Malgré leurs différences, tous ces artistes ont un point commun. Quelles que soient leurs origines géographiques, ils partagent souvent un vécu similaire : une histoire chaotique, la confiscation du pouvoir par un dictateur, la répression, la violence, la précarité, l'oppression d'une certaine forme de religion. Et leurs oeuvres, à forte teneur existentielle, en portent témoignage. Peintures, sculptures, photos, vidéos et installations traduisent leurs révoltes, le malaise des femmes, les aspirations à la justice et à la liberté. "Des préoccupations qui dépassent souvent les problèmes politiques locaux pour toucher aux dysfonctionnements globaux de la société", commente Catherine Grenier. Sans doute aurait-on senti la révolte gronder, si on s'était intéressé plus tôt à leurs créations. L'exposition de l'IMA dont le titre reprend le slogan "Dégage", scandé dans les rues tunisiennes par les manifestants, confirme cette impression.

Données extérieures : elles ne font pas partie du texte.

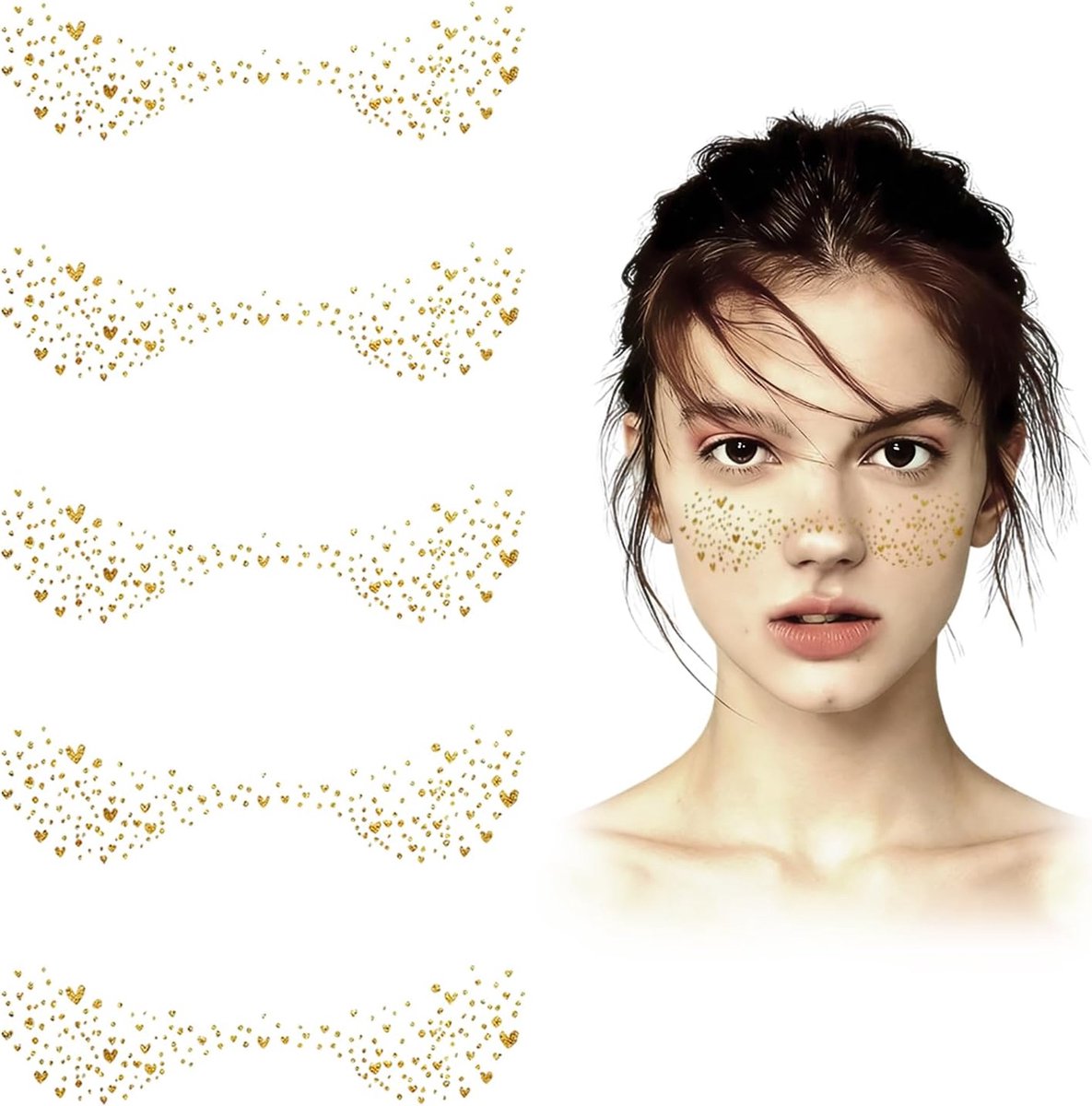 6 glitter freckles tattoo set met volledig lichaam holo-effect - sproeten tattoo & glitter tattoo gezicht voor festivals - duurzame glitter zomersproeten voor feestjes en carnaval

Réalisées tout au long de 2011, "les oeuvres reflètent les interrogations sur la situation actuelle et l'Histoire en train de s'écrire", explique la commissaire Michket Krifa. 

Les photos de Hichem Driss évoquent le bâillonnement de l'individu et de sa liberté d'expression, les peintures de Mourad Salem renvoient aux prisons dorées dans lesquelles s'enferment les dictateurs, se coupant du peuple. Halim Karabibene, lui, joue la carte de l'humour : Ses clichés mettent en scène des personnages portant une Cocotte-Minute sur la tête.  

Ali Cherri, 35 ans, l'un des plasticiens sélectionnés, n'est pas tunisien mais libanais. Il a grandi avec la guerre, celle qui sévissait à Beyrouth, sa ville, où il habite toujours. Rien d'étonnant à ce que ses photos soient hantées par la violence. Ali Cherri a été profondément choqué par l'immolation de Mohamed Bouazizi, en décembre 2010. Son travail actuel porte sur cet acte désespéré. "C'est ma façon de participer aux événements, souffle-t-il. Et c'est presque un devoir." Devoir de témoignage et devoir de mémoire.